The dude in the first pic is probably thinking "heck if she was mah sister I'd hit that!":D
 
Hey for history we've been studying the Civil War, not necessarily the war itself but the culture and acts that were put in place.

This led to me thinking, is the North and South that much different culturally anymore? Anyone that has experienced both have any stories or anything?

I went and visited my sister recently in Pennsylvania. We are all from Texas. It was a huge difference. The food there was waaaayyyy different. Not only regionally but even things we have here. They just cooked things differently.

The culture was different as well. Even at something such as a baseball game, it was a whole different world. Here in Texas a little league game is pretty much life or death. We scream, celebrate, have banners etc... up there I swear the only people cheering were myself and my sisters family. People looked at us like we had lost it.

Heading into Washington, DC was something different entirely. One thing that stood out, and I'm sorry if it offends someone but all the Obama propaganda was ridiculous.
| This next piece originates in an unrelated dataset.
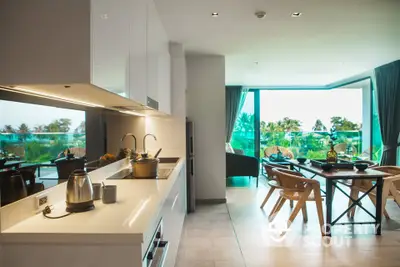 Modern open-layout kitchen and dining area with scenic balcony view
Here we celebrate our state and America. There it seemed that the Obama symbol was the new American flag. It was quite disheartening.

It seems to me the difference I noticed was here in the south we have time to chill out, relax and enjoy ourselves. Up there it seems that people are running, running, running and don't really have too much time to interact, kick back and have a good rib. I will admit the oysters in Boston were off the chain though.
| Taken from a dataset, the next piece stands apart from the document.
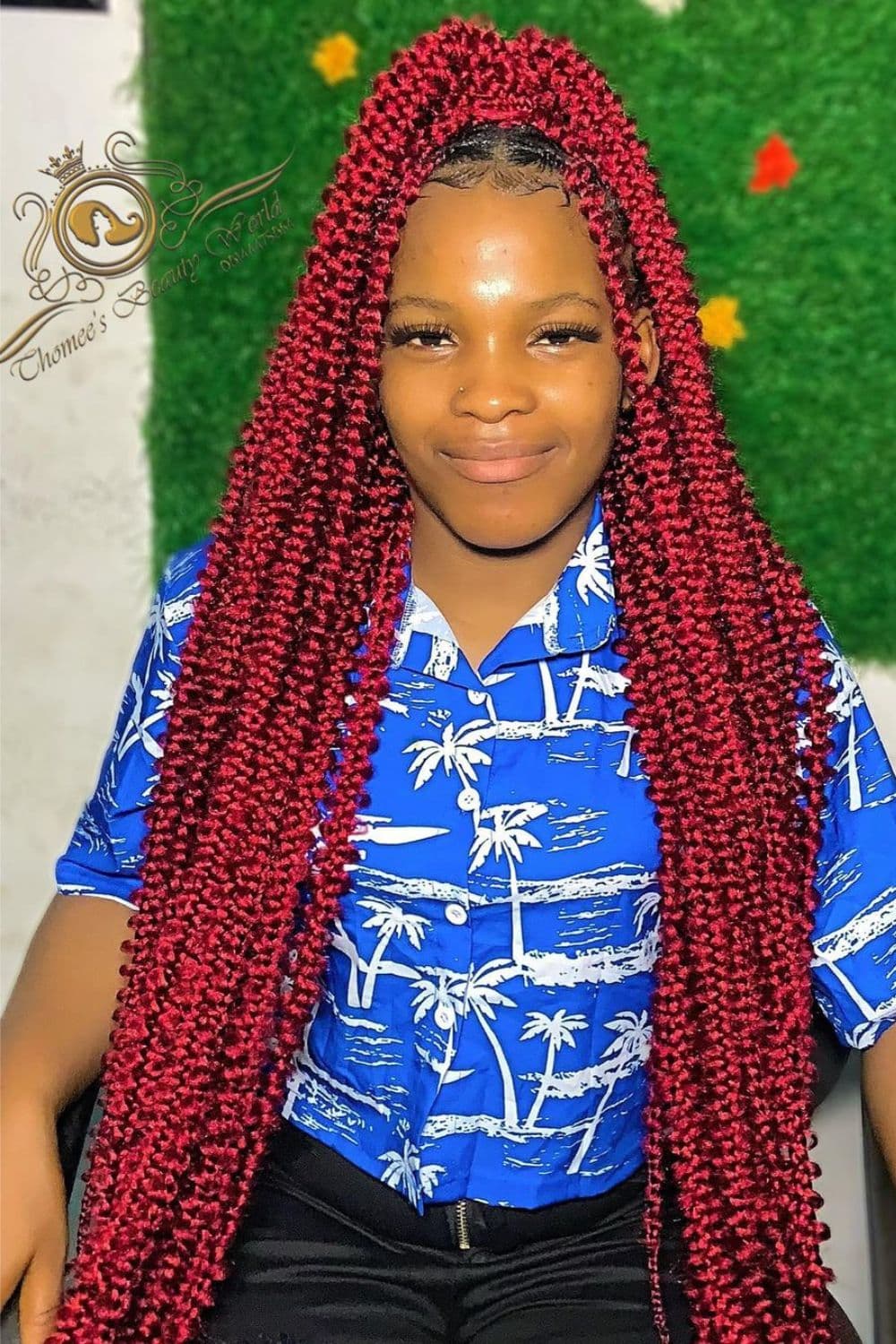 A woman wearing a blue palm tree printed blouse with a burgundy butterfly braid.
Just go to South Carolina or a few other states in the original South and then tell me there is no difference between the North and South. There are people in some of these areas who would secede in a heart beat.

P.S. I like SC, but facts are facts.

After that trip to Washington D.C., can't say I blame them. Did we not "secede" from the British when it got bad?
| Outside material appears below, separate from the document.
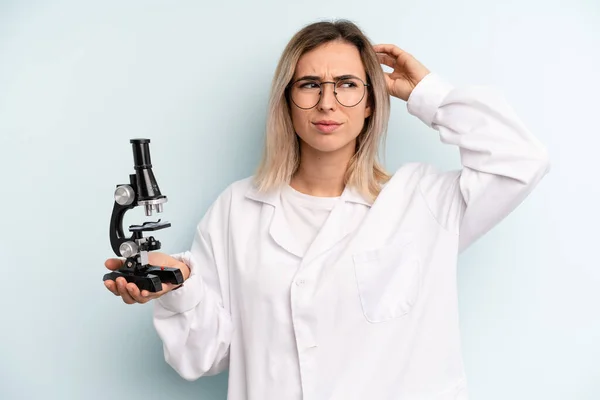 Blonde Woman Smiling Happily Daydreaming Doubting Scientist Student Concept — Stockfoto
North FTW. The beer's cheaper, people are friendlier, and a typical house doesn't cost 30 times national average wage ;)

You have definitely got to be talking about somewhere else lol... It is def cheaper to live in the south and we pretty much brew our own beer down here.

It's the accent, ain't it?;) It's hard to sound cool with a Southern accent. I've met folks with an accent so thick, it's like they're speaking a foreign language.

Ah come on now, Paula Dean sounds pretty cool, right? (don't insult my Paula Dean)

My opinion . . . so-called southern charm is "fake" friendly. But some southerners are genuinely nice, just as are some northerners and westerners.

how do you have fake friendly? did people approach with fake smiles and try to sell cobbler or what?

What does slavery have to do with it?

That wasn't the difference between the north and south

Definitely not. But it unfortunately was part of it. One of the reasons the confederate flag draws up so much hate, even if it is a bit unwarranted. I mean for the Native Americans of our day the American Flag could bring up hate since we pretty much stole their land and tried to wipe them out, but that doesn't tell the whole story of what that flag represents.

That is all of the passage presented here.